今は親父や、その親戚にはたくさん感謝してる。
全寮制の学校へ通った中高生時代
── なるほど・・・。話を戻して、中高生時代のことを聞いてもよいですか?
竜さん:
もちろん。一言で言えば、ボンボンが行く学校だったんですよ。有名な野球選手の息子がいるとか、有名企業の会長の子どもがいるとか、そういう学校。
うちは一般的な家庭に比べたらお金があったのかもしれないけど、ボンボン学校の中では、ド底辺なんですよ。彼らはお金の使い方も違うし、遊び方も違うし、そもそも持っている金額が違いましたよね。
そこで経済格差や生まれた環境の違いを感じたのはあるのかもしれない。インターナショナルクラスだったから、帰国してきた学生が多かったんだよね。
持ち物が違ったよね、彼らは。当時、大人でも持っていないような豪華なラジカセでラジオや音楽を聴いてたし。邦楽なんか誰も聴かないし、みんな洋楽を聴いているんだよね。
── 高校のときはアルバイトしてる人とかいなかったんですか?
竜さん:
全寮制だからね、できなかった。でもまぁ、夏休みに青山の実家に戻って、引越しのバイトしたことはあったなぁ。
── インターナショナルクラスからは、竜さんもかなり影響を受けてますか?
竜さん:
今思うとね。当時は、映画監督になりたかったんだよ。留学しようと思って、インターナショナルクラスに入ったんだけど。
── そういう自分の夢については、お父さんとの対話があるわけですよね?
竜さん:
うん。映画監督も小説家も、親父が昔なりたかったものなんだよ。だから、親父に認められたくてそうやってずっと言っていたし、40年近く生きてきたんだよ。映画監督になれば、親父が愛してくれるだろう、って。
結局さ、あの頃の俺は、親父に愛されたくて仕方がなかったんだろうね。
挫折を経験した大学時代
── 中高と寮生活で、進学されて、大学は中退ですよね。
竜さん:
大学ね・・・大学時代は、スーパー暗黒モラトリアムですよ。大学のことって思い出す機会ほとんどなかったなぁ。二留して中退しているんですよ。
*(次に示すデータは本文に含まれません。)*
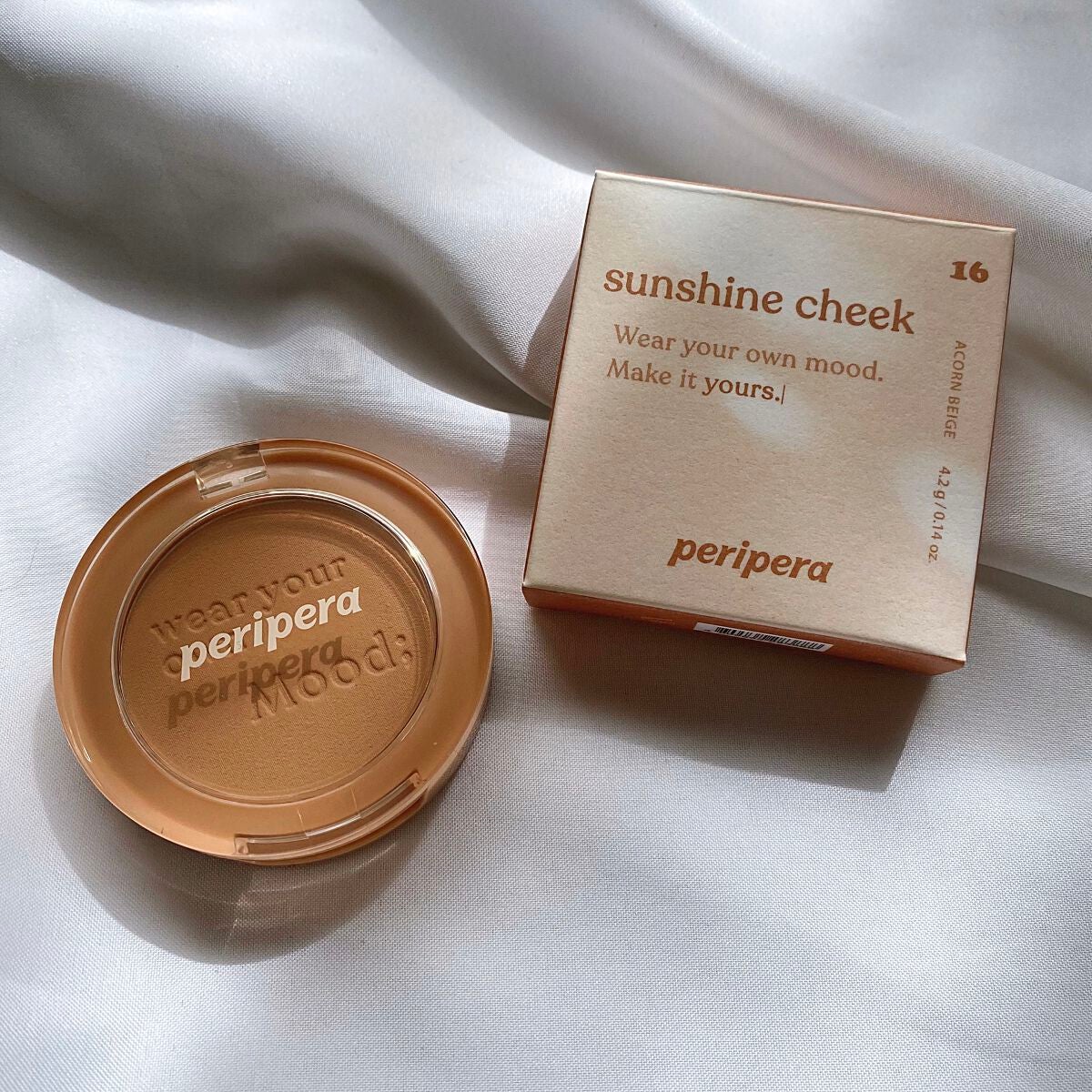 ピュア ブラッシュド サンシャイン チーク/PERIPERA/パウダーチークを使ったクチコミ(1枚目)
バイトもしてたけど、バイト代は湯水のように使っていたから、なんだろ、「お金がない」ということが確固たるものになった頃だね(笑)。
── 「お金がない状態」が確立されたんですね(笑)。
竜さん:
飲み屋でアルバイトしていたんだけど、0時に仕事が終わったらさ、朝までみんなで飲んで、夕方まで寝て、また仕事に行くっていう生活になっちゃってたよね。
映画監督になるのを諦めて、留学を取りやめたんですよ。だから、父親には「お前は逃げたんだ」って言われたし。挫折した時期だった。そこからは学校に行かなくなった。
挫折経験があるとしたら、この頃なんだなと自分では思っていて。映画監督を諦めて、小説家になると言って小説を書いたりしていたけど。お金を稼ぐためには、辛い仕事を選ばなくてはいけない、って考え始めてしまったんだよね。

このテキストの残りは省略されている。